Page MenuHomePhabricator

Fix db-switchover update zarcillo part
Closed, ResolvedPublic

Description

While running the switchover for s4, we noticed that zarcillo wasn't updated due to:

ERROR 1665 (HY000): Cannot execute statement: impossible to write to binary log since BINLOG_FORMAT = STATEMENT and at least one table uses a storage engine limited to row-based logging. InnoDB is limited to row-logging when transaction isolation level is READ COMMITTED or READ UNCOMMITTED.
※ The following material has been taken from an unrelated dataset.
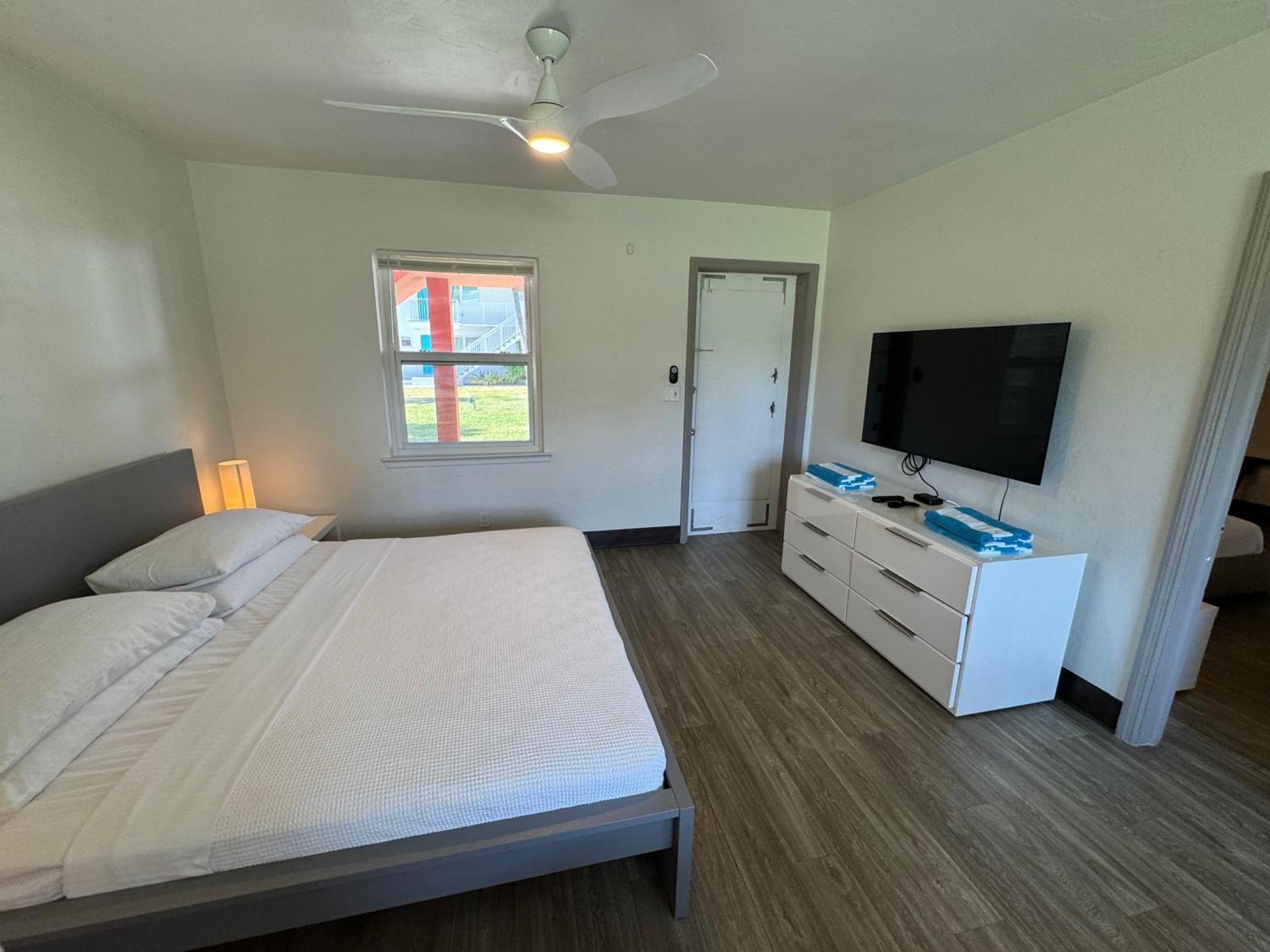 1 Bedroom Deluxe Traditional Building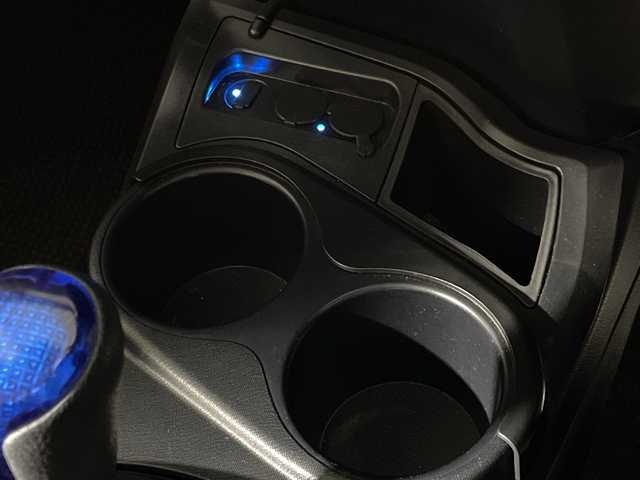 トヨタ アクア X－URBAN 福岡県 2015(平27)年 14.3万km コバルトブルーメタリック 禁煙車純正SDナビ(フルセグTV/DVD/CD/BT)バックモニターETC前方ドラレコスマートキープッシュスタートLEDヘッドライトフロントフォグ電格ミラー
Possible short-term fixes for: https://phabricator.wikimedia.org/diffusion/OSMD/browse/master/wmfmariadbpy/cli_admin/switchover.py;38660e943a9167fe7d174f79806acf3a6e4d4f23$722?as=source&blame=off

Is to add one of these two before running the UPDATE query above:

set session binlog_format="ROW";
set session tx_isolation = 'REPEATABLE-READ';

Example:

1root@db1115.eqiad.wmnet[zarcillo]> set session binlog_format="ROW"
2 -> ;
3Query OK, 0 rows affected (0.000 sec)
4
5root@db1115.eqiad.wmnet[zarcillo]> update masters set instance = (select name from instances where server = 'db1138.eqiad.wmnet' and port=3306) where section = 's4' and dc = 'eqiad' limit 1;
6Query OK, 1 row affected (0.001 sec)
7Rows matched: 1 Changed: 1 Warnings: 0

We have a few more switchovers to come soonish so we might want to get this fixed and released "soon".
It doesn't block the switchover though, it just requires manual intervention.

Event Timeline

Marostegui triaged this task as Medium priority.Jan 26 2021, 7:49 AM
Marostegui moved this task from Triage to Ready on the DBA board.

I will add for context that the core reason for this happening is the required low level of consistency of TokuDB, if we get rid of TokuDB (e.g. moving the db) the source of the problems would dissapear. But I agree with @Marostegui that is a more long term fix (and would require editing the file anyway, as conf is hardcoded).

Change 658580 had a related patch set uploaded (by Kormat; owner: Kormat):
[operations/software/wmfmariadbpy@master] switchover: Work-around isolation level issue

https://gerrit.wikimedia.org/r/658580

Change 658580 merged by jenkins-bot:
[operations/software/wmfmariadbpy@master] switchover: Work-around isolation level issue

https://gerrit.wikimedia.org/r/658580

The fix is merged, but not yet released.

@Kormat was this ever released? I don't recall if I had to manually update the master or not on the last s1 switchover.
Maybe this can be released and tested during the upcoming s6 switch?

No, not yet. Various roadblocks have held up the next release of wmfmariadbpy, though hopefully they're mostly resolved by now. I'll be working on it this week.

@Kormat with yesterday's relase, this is good to be closed?